Templore Campaign Setting
Adventuring in Templore
In most fantasy roleplay settings, adventurers are common enough to have their own niche in the world. It is assumed that if a problem arises which an average person is incapable of handling, a group of travelling adventurers will be along shortly to help. This is because most fantasy settings fall into the “high fantasy” category, where monsters, magic, and immensely powerful villains are commonplace. It is easy for a person to make a career out of slaying dragons and rescuing princesses, when wealth is so easy to come by as a result, and magic makes even a layman capable of extraordinary deeds.
The world of Templore is much less forgiving to adventurers and their ilk. Adventuring, as one typically imagines it, is not a common or necessarily viable career choice. Most kingdoms, each with separate laws, languages and coinage, are not friendly to travelers. Most people prefer to see to their own affairs, and would be loathe to trust any important deed to a stranger in bizarre garb from a far away land, especially those of different race or creed. Dangerous monsters are somewhat unusual, and most can be dealt with by local militia. Magic is rare and often mistrusted, so is not likely to become a legitimate danger as far as most are concerned. Adventuring is usually done for exploration, discovery, or out of necessity.
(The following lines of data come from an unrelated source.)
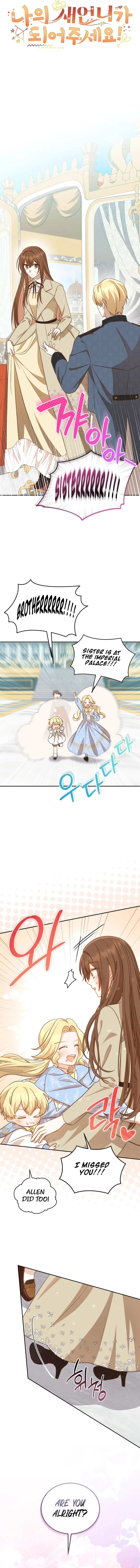 Please Become My Sister-in-Law! chapter 5 page 4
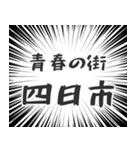四日市生活（個別スタンプ：22）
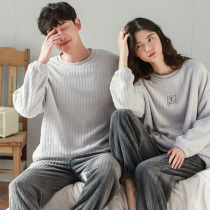IF-KAN couple pajamas womens coral fleece plus-down mens pullovers autumn and winter warm flannel loungewear set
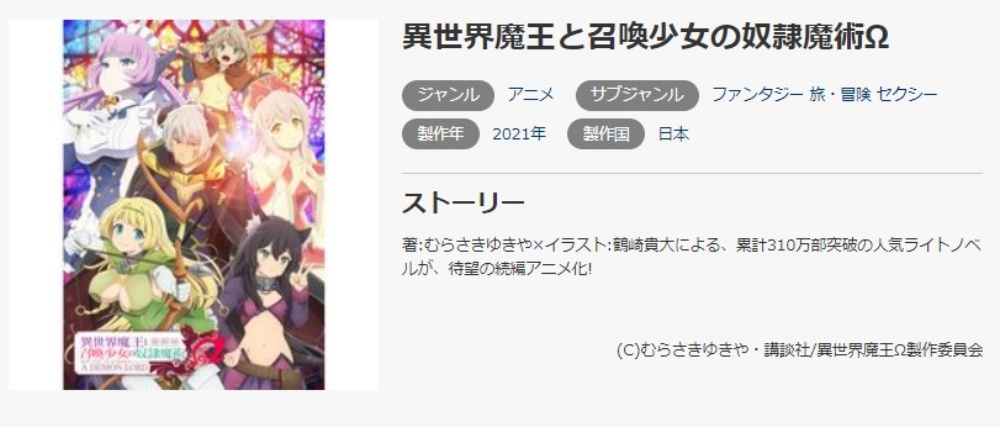 異世界魔王と召喚少女の奴隷魔術Ω 無料動画
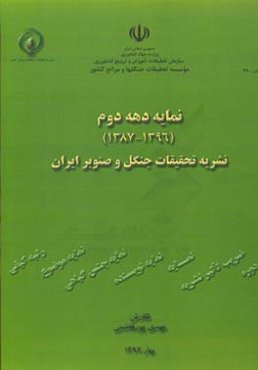 نمایه دهه دوم (1387 -1396) نشریه تحقیقات جنگل و صنوبر ایران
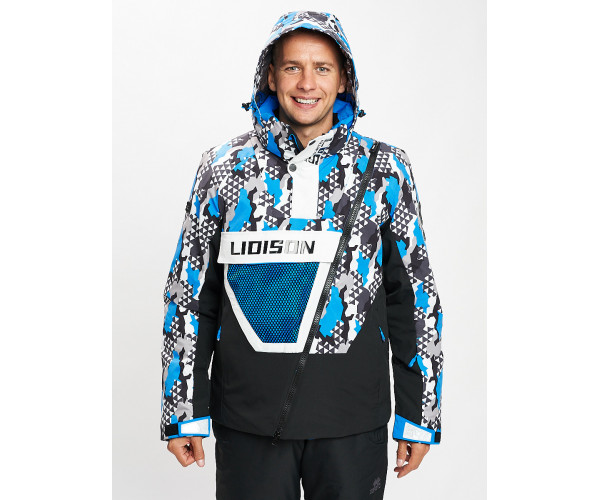 Горнолыжная куртка анорак мужская синего цвета 77027S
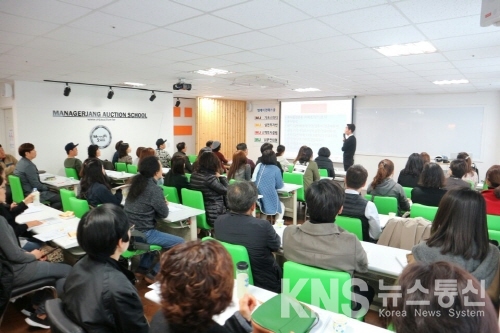 부산 엠제이경매스쿨 학원, 경매·공매 기초스터디 21기 수강생 모집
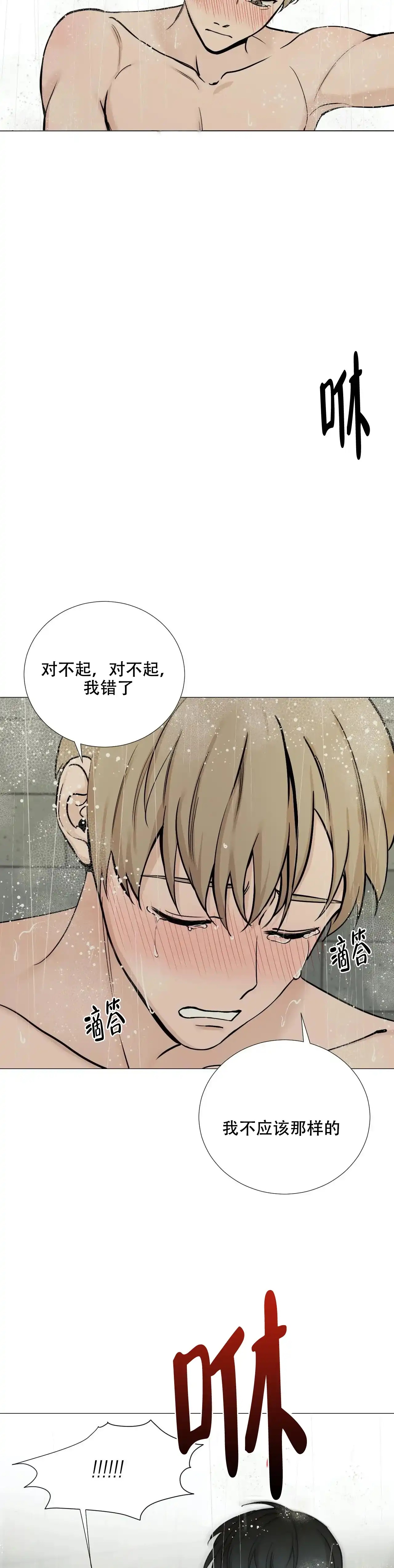 《我的秀赫》第105话 第9页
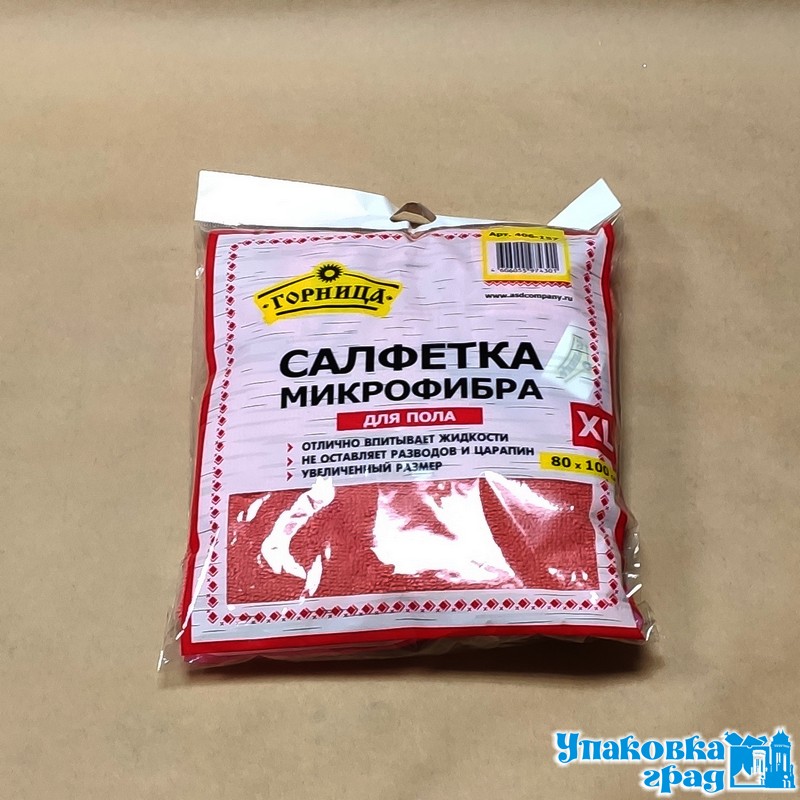 b12d29e535da11e98d37b42e991f5b58_0c0f4e1baa1811eaaa9b5404a64acbe5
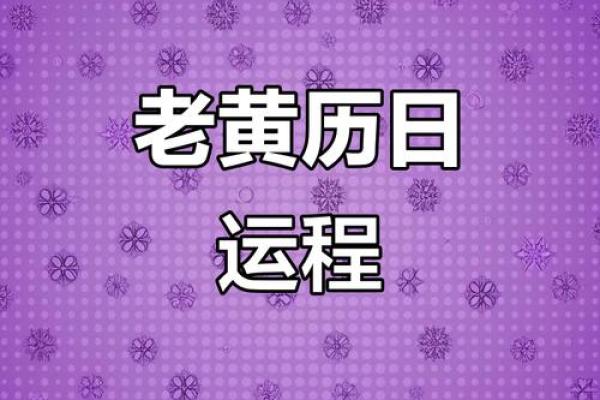 热议：2026年10月开业大吉的日子，必备发布黄历吉日解读精选最佳全面解析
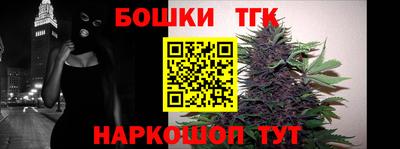 эйфоретик Бугуруслан
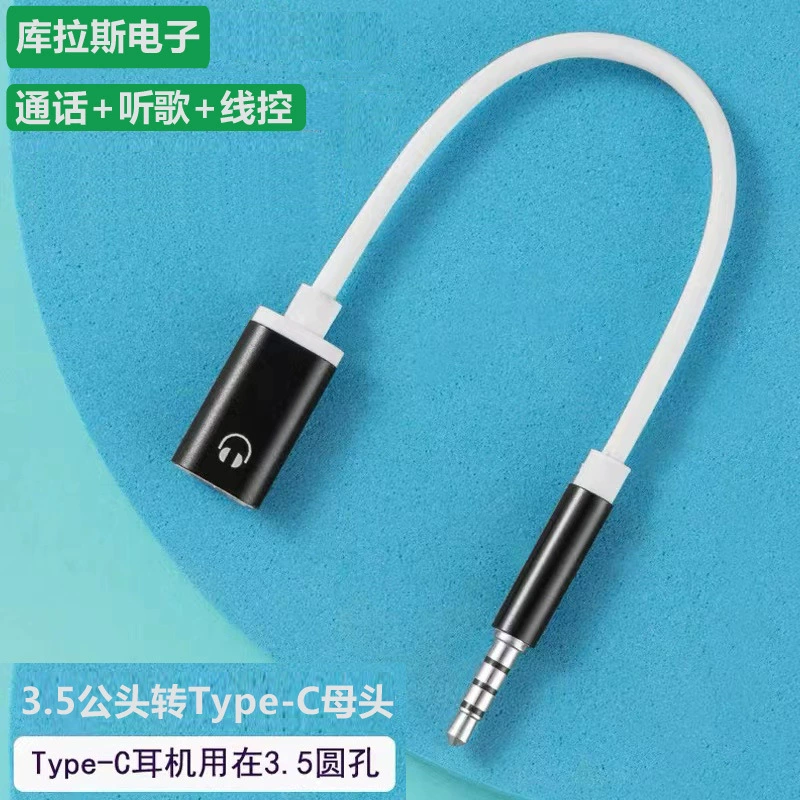 Адаптер-кабель для наушников Type-C к круглому 3,5 мм, USB-C женский разъем к аналоговому мобильному телефону адаптер-конвертер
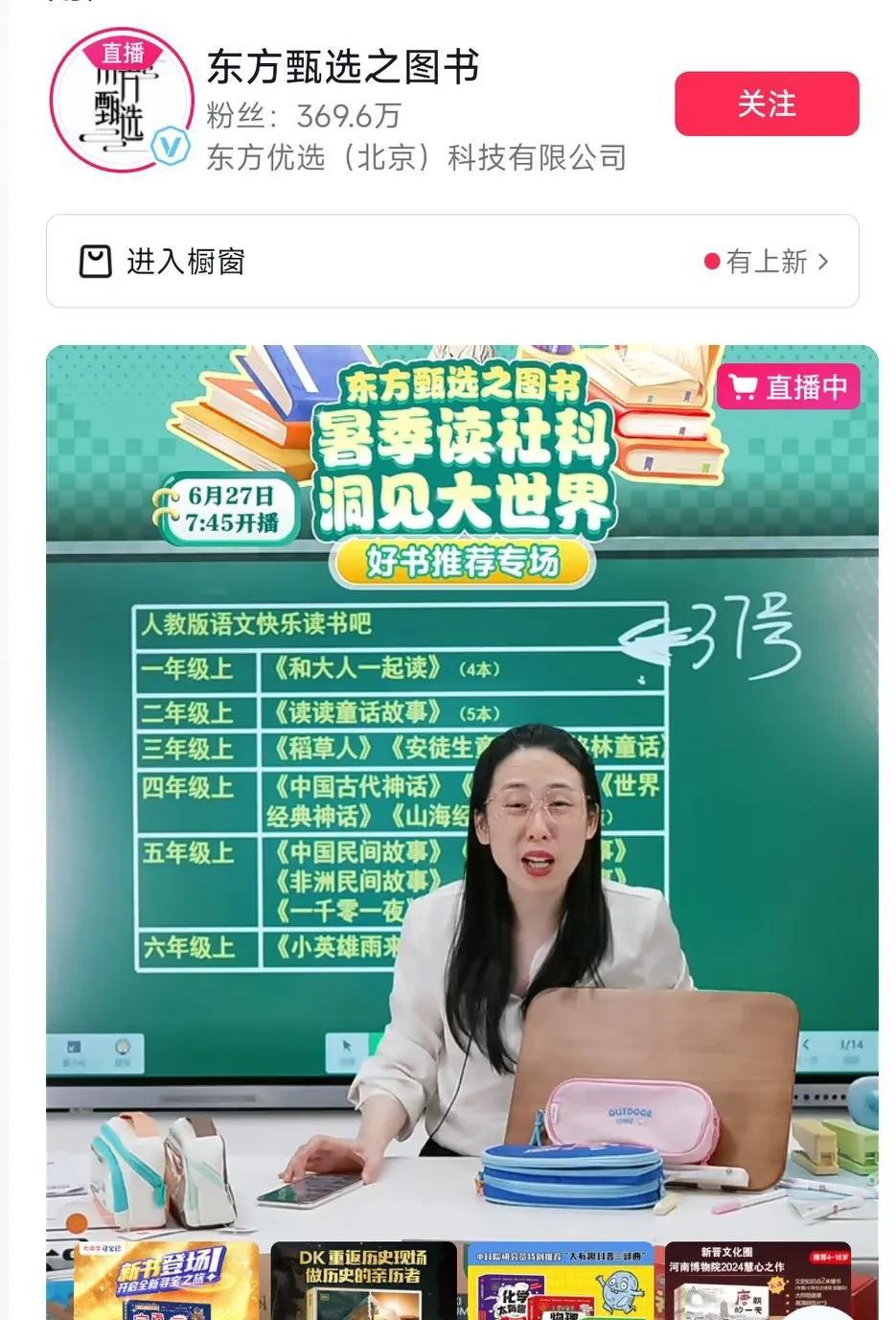 喜讯来了！新东方大老板俞老师获奖了！
这个奖是作家榜给颁发的“经典名著领读人”！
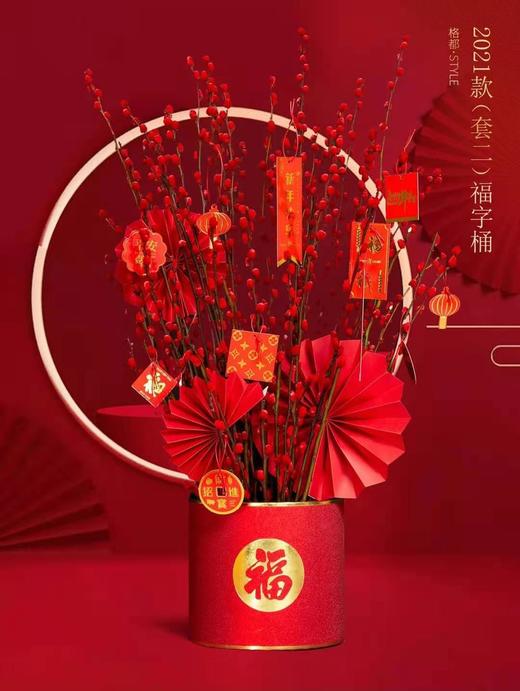 新年福桶系列--六六顺.021福桶.旺财元宝 商品图1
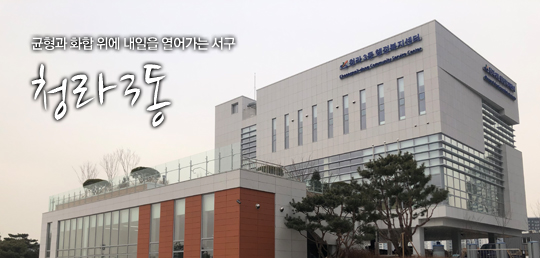 균형과 화합 위에 내일을 열어가는 서구 청라3동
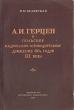 А И Герцен и польское национально-освободительное движение 60-х годов XIX века Антикварное издание Сохранность: Хорошая Издательство: Издательство МГУ, 1954 г Мягкая обложка, 200 стр Тираж: 13000 экз Формат: 60x92/16 инфо 1617m.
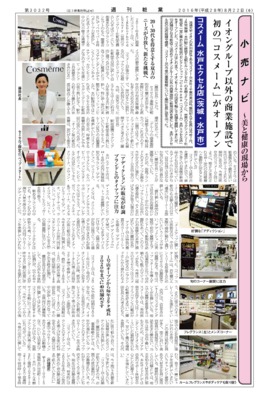 【週刊粧業】コスメーム、イオングループ以外の商業施設に初出店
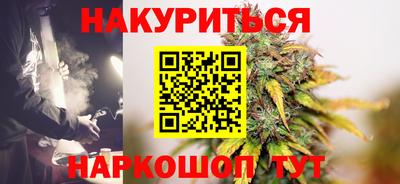 MDMA Premium VHQ Будённовск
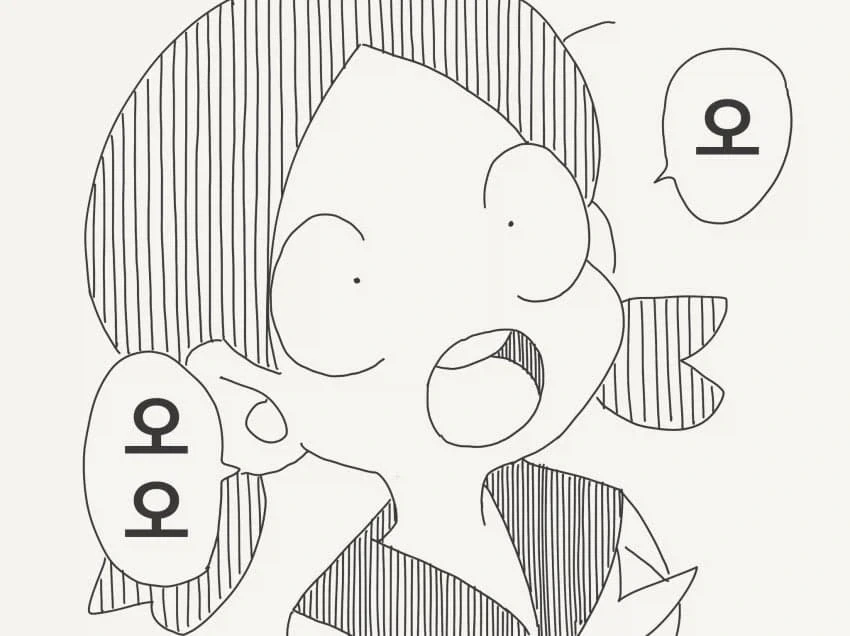 호리데이)날 여태껏 그런 눈으로 본거야? - 이미지 4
So then why play a character in Templore, which is seemingly ill-suited to the adventuring lifestyle? Well for starters, not every PC need be an adventurer by definition. The world was designed to allow opportunities to play characters that are more than wandering vagabonds, endearingly called “murder-hobos” by some. Secondly, and perhaps more importantly, the PCs in a Templore game often become the exception to the norm. Templore is a rich, varied setting, capable of telling a large variety of stories. Every campaign should have its own tone, pacing, and variety of story elements. You might wish to play a merchant, or the mercenary hired to protect said merchant’s caravan, or the low-ranking noble who invested in the merchant’s business. In another campaign you may play a spell caster who has wondrous power but must keep it hidden or risk being put to death, or the holy warrior of Ao who seeks to reclaim a lost religious relic. Not every game will feature history-making PCs, but there are certainly those that will. In any case, the player characters are the star of the show, and will have ample opportunity to engage in exciting and rewarding roleplay experiences, adventuring included.